• DIRECTIONS
Set down exactly the lines of the records from the top to the line containing "Stuttgart quickly bounced"; include both.

• DATA RECORDS

- - - -

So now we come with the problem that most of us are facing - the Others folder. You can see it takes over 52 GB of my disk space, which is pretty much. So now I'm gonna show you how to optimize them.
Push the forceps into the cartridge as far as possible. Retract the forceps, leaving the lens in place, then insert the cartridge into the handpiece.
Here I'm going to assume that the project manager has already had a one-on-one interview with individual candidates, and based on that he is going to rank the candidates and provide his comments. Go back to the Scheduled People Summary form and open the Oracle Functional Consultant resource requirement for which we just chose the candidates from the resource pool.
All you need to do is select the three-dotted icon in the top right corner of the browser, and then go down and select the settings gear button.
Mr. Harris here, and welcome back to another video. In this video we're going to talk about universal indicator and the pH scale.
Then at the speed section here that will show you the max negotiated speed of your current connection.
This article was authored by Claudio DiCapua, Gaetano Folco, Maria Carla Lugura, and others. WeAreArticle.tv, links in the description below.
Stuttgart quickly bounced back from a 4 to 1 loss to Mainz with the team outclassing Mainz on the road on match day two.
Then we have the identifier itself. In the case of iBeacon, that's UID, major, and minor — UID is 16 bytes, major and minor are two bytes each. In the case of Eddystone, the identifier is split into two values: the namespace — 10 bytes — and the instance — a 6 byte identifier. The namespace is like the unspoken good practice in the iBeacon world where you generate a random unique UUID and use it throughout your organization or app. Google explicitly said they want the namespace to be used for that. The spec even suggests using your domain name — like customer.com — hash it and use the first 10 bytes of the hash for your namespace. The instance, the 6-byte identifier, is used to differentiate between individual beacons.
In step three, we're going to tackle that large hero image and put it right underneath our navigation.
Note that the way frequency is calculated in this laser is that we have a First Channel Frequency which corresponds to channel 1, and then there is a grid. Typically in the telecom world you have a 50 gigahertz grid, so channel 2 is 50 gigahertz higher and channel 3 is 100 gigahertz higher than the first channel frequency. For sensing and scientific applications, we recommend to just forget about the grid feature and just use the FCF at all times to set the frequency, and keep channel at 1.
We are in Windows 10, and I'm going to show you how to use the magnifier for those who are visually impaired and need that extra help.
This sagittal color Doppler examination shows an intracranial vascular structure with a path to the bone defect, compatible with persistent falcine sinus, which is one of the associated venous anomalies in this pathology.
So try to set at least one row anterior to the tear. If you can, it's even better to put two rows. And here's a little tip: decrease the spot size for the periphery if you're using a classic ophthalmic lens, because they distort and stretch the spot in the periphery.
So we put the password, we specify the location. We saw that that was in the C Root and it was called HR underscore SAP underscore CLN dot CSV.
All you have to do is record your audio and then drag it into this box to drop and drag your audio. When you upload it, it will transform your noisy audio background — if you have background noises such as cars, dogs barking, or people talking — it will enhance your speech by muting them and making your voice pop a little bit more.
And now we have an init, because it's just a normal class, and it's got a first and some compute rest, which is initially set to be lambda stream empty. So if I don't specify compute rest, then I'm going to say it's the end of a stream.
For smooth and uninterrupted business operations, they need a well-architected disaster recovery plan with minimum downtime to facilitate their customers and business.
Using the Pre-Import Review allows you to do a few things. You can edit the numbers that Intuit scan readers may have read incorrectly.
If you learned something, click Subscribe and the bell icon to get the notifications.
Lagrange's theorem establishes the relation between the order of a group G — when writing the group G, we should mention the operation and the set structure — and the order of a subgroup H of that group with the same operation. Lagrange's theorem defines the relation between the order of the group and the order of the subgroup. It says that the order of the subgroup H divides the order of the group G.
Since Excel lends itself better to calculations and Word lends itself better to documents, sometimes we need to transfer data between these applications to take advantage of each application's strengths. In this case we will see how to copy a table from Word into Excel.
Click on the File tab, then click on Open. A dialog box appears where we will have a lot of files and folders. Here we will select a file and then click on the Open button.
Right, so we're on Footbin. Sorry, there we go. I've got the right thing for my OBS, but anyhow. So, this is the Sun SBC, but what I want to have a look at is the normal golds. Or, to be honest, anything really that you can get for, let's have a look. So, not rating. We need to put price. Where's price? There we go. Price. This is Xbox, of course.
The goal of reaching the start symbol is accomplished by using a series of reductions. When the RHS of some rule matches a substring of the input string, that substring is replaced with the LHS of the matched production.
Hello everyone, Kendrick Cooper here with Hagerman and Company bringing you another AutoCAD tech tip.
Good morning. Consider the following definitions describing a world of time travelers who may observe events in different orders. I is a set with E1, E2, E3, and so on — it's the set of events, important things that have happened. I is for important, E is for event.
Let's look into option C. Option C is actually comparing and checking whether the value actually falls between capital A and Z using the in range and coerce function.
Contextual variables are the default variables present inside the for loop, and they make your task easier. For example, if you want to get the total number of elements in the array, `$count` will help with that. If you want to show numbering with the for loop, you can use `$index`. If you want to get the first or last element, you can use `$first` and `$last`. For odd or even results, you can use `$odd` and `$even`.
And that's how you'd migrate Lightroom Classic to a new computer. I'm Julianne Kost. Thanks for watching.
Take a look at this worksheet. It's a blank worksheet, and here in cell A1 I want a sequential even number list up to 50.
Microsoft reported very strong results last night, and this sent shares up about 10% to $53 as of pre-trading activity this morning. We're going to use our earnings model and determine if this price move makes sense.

- - - -

• SOLUTION FOR THIS PROBLEM
So now we come with the problem that most of us are facing - the Others folder. You can see it takes over 52 GB of my disk space, which is pretty much. So now I'm gonna show you how to optimize them.
Push the forceps into the cartridge as far as possible. Retract the forceps, leaving the lens in place, then insert the cartridge into the handpiece.
Here I'm going to assume that the project manager has already had a one-on-one interview with individual candidates, and based on that he is going to rank the candidates and provide his comments. Go back to the Scheduled People Summary form and open the Oracle Functional Consultant resource requirement for which we just chose the candidates from the resource pool.
All you need to do is select the three-dotted icon in the top right corner of the browser, and then go down and select the settings gear button.
Mr. Harris here, and welcome back to another video. In this video we're going to talk about universal indicator and the pH scale.
Then at the speed section here that will show you the max negotiated speed of your current connection.
This article was authored by Claudio DiCapua, Gaetano Folco, Maria Carla Lugura, and others. WeAreArticle.tv, links in the description below.
Stuttgart quickly bounced back from a 4 to 1 loss to Mainz with the team outclassing Mainz on the road on match day two.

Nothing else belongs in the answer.